Retype the entries below word for word, leaving none out.

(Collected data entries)
◆ ◆ ◆ ◆ ◆ ◆ ◆

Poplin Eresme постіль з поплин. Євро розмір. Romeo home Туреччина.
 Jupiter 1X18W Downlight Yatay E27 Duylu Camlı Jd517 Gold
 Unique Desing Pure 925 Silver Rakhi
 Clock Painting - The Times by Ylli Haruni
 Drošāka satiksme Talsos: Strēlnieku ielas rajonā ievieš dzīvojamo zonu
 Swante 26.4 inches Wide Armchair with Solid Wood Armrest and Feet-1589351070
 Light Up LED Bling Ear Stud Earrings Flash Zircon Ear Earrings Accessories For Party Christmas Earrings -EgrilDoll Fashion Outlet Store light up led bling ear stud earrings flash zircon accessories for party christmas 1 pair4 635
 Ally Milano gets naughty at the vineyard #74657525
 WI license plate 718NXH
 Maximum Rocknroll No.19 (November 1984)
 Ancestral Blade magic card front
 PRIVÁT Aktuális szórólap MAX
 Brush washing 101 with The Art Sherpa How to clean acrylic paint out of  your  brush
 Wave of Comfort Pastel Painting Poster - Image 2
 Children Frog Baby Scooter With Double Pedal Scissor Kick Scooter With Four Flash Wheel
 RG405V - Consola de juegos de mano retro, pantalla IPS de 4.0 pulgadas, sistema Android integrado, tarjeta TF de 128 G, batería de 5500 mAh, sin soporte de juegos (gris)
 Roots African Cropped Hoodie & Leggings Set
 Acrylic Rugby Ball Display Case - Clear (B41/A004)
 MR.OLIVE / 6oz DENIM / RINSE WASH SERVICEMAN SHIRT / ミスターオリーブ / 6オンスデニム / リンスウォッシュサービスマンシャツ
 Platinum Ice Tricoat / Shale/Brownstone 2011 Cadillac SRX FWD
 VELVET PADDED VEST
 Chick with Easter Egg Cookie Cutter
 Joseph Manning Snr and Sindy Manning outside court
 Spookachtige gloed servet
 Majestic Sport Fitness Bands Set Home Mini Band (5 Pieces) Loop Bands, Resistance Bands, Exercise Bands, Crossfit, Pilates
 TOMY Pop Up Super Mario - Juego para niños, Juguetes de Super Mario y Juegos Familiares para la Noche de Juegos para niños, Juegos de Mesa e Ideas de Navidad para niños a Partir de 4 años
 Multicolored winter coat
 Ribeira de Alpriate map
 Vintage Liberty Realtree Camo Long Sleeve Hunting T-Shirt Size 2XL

◆ ◆ ◆ ◆ ◆ ◆ ◆

Answer space:
Poplin Eresme постіль з поплин. Євро розмір. Romeo home Туреччина.
 Jupiter 1X18W Downlight Yatay E27 Duylu Camlı Jd517 Gold
 Unique Desing Pure 925 Silver Rakhi
 Clock Painting - The Times by Ylli Haruni
 Drošāka satiksme Talsos: Strēlnieku ielas rajonā ievieš dzīvojamo zonu
 Swante 26.4 inches Wide Armchair with Solid Wood Armrest and Feet-1589351070
 Light Up LED Bling Ear Stud Earrings Flash Zircon Ear Earrings Accessories For Party Christmas Earrings -EgrilDoll Fashion Outlet Store light up led bling ear stud earrings flash zircon accessories for party christmas 1 pair4 635
 Ally Milano gets naughty at the vineyard #74657525
 WI license plate 718NXH
 Maximum Rocknroll No.19 (November 1984)
 Ancestral Blade magic card front
 PRIVÁT Aktuális szórólap MAX
 Brush washing 101 with The Art Sherpa How to clean acrylic paint out of  your  brush
 Wave of Comfort Pastel Painting Poster - Image 2
 Children Frog Baby Scooter With Double Pedal Scissor Kick Scooter With Four Flash Wheel
 RG405V - Consola de juegos de mano retro, pantalla IPS de 4.0 pulgadas, sistema Android integrado, tarjeta TF de 128 G, batería de 5500 mAh, sin soporte de juegos (gris)
 Roots African Cropped Hoodie & Leggings Set
 Acrylic Rugby Ball Display Case - Clear (B41/A004)
 MR.OLIVE / 6oz DENIM / RINSE WASH SERVICEMAN SHIRT / ミスターオリーブ / 6オンスデニム / リンスウォッシュサービスマンシャツ
 Platinum Ice Tricoat / Shale/Brownstone 2011 Cadillac SRX FWD
 VELVET PADDED VEST
 Chick with Easter Egg Cookie Cutter
 Joseph Manning Snr and Sindy Manning outside court
 Spookachtige gloed servet
 Majestic Sport Fitness Bands Set Home Mini Band (5 Pieces) Loop Bands, Resistance Bands, Exercise Bands, Crossfit, Pilates
 TOMY Pop Up Super Mario - Juego para niños, Juguetes de Super Mario y Juegos Familiares para la Noche de Juegos para niños, Juegos de Mesa e Ideas de Navidad para niños a Partir de 4 años
 Multicolored winter coat
 Ribeira de Alpriate map
 Vintage Liberty Realtree Camo Long Sleeve Hunting T-Shirt Size 2XL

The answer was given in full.